Turning back to EPrints (and also the theme of that presentation for RSP), we know we can get lists of items in the repository in all sorts of formats – RSS, XML, HTML, Endnote, etc. So it seems we have all the building blocks we need to write a script that takes a list of items in a repository, retrieves them, converts them (if necessary and possible), wraps them up according to the EPUB standard, and makes them available for download, or even emails them directly to your tablet or reader. Anthologizr in a nutshell, perhaps.

Use case #1

Our simplest use case:

We are preparing a study-pack of reading materials related to Soviet Literature, so we go to UCL Discovery repository and use the EPrints advanced search to search for articles with the words “soviet literature” where full-text is available.

The repository returns us a screen of results, and also gives us the wherewithal to export all these results as citations, in several popular formats.

But instead of a list of citations, what we really want to do is export all the items (full-text included) as an E-book, which we can send to our iPad, Kindle or other E-book reader, by the simplest means possible.

That’s the basics of Anthologizr.

However there are a number of refinements necessary to make this truly useful, chief among them that the user needs to be able to select/deselect items for inclusion in the E-book.

One might reasonably object that not everything one wants is likely to be in any one institutional repository, but there are many meta-repository services, among them MIMAS Repository Search and CoRE, which could deploy the Anthologizr approach.

Alternatively, one could envisage a growing, collaborative repository, either institutional or national, where the kinds of articles and chapters commonly given out in study packs are gradually accumulated, collaboratively, with OA licences and in E-book friendly formats.

Finally (for now) one might also object, that not everything one might want or need is Open Access. That may just be a matter of time, or conscience.

A long time ago…

Xeroxed study packs

Xeroxed study packs from the early 1990s

Back in the 1980s, there were no iPads or Kindles, nor E-books, nor even PDFs. But in most Universities there were lots of photocopiers, so course tutors would prepare photocopied booklets of key set texts, staple them together between brightly-coloured card, and issue them to students at the start of term (sometimes for a small fee, to cover the cost of paper and toner). As long as everyone stayed the right side of the CLA, it was a relatively cheap and convenient way to make sure students had access to core texts, without having to buy or locate a large number books or journals themselves.
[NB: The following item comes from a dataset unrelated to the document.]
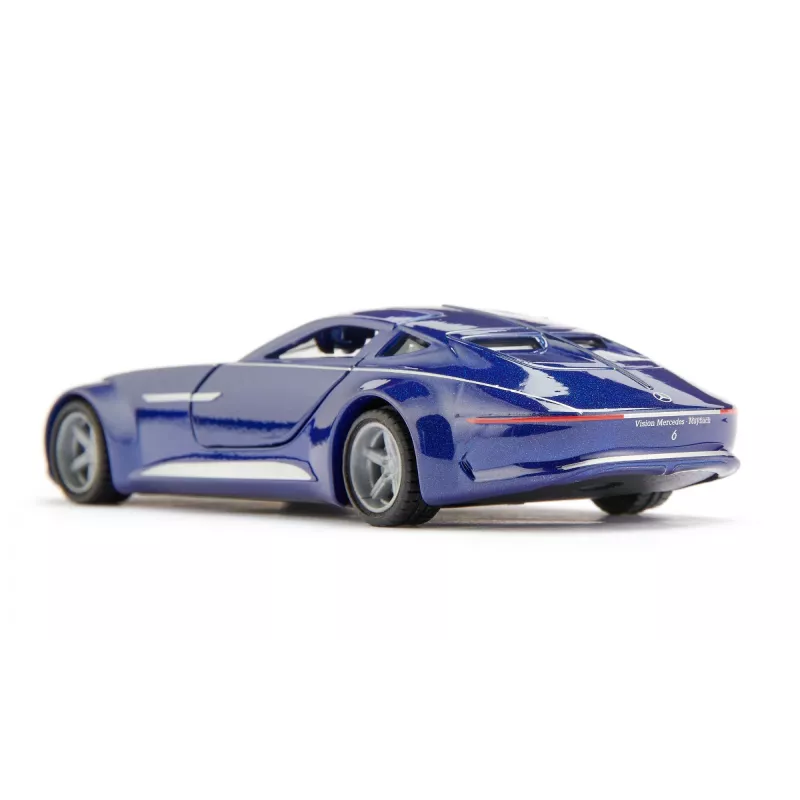 Siku Vision Mercedes-Maybach 6 model superšportového auta predmontovaný 1:50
It is 2012 and we now have iPads and affordable E-book readers. Yet still piles of photocopied course booklets are a common sight on campuses. The contents of the booklets range from anthologies of fiction and criticism, in the humanities, to case studies and research, in the social and natural sciences.

What if tutors had an easy way to create such booklets and packages as E-books, rather than physical objects? Some courses do issue PDFs of scanned texts, via email or VLEs, but these are typically sent as individual articles, and often only scanned images of the text, offering no support for searching or indexing the article.

The open EPUB standard, and the increasing standardisation of E-books, offer a natural, and highly functional, successor to the scanned booklet, and to the ‘dumb’ images in scanned PDFs. With the growing availability of full-text Open Access and public domain items, in Institutional Repositories and other online systems, there is an opportunity to use such items as the raw materials of course study packs, providing greater accessibility and usability of texts, as well as promoting use of OA materials

This is the essence of the Anthologizr project: to develop a demonstrator repository system in which users can take an arbitrary selection items (text or images), and export them – ‘one-click’ style – as a viable, usable E-book anthology in EPUB format, for individual use, or for sharing with students by email or in VLEs.

There will be lots of challenges on the way, but this is where it begins.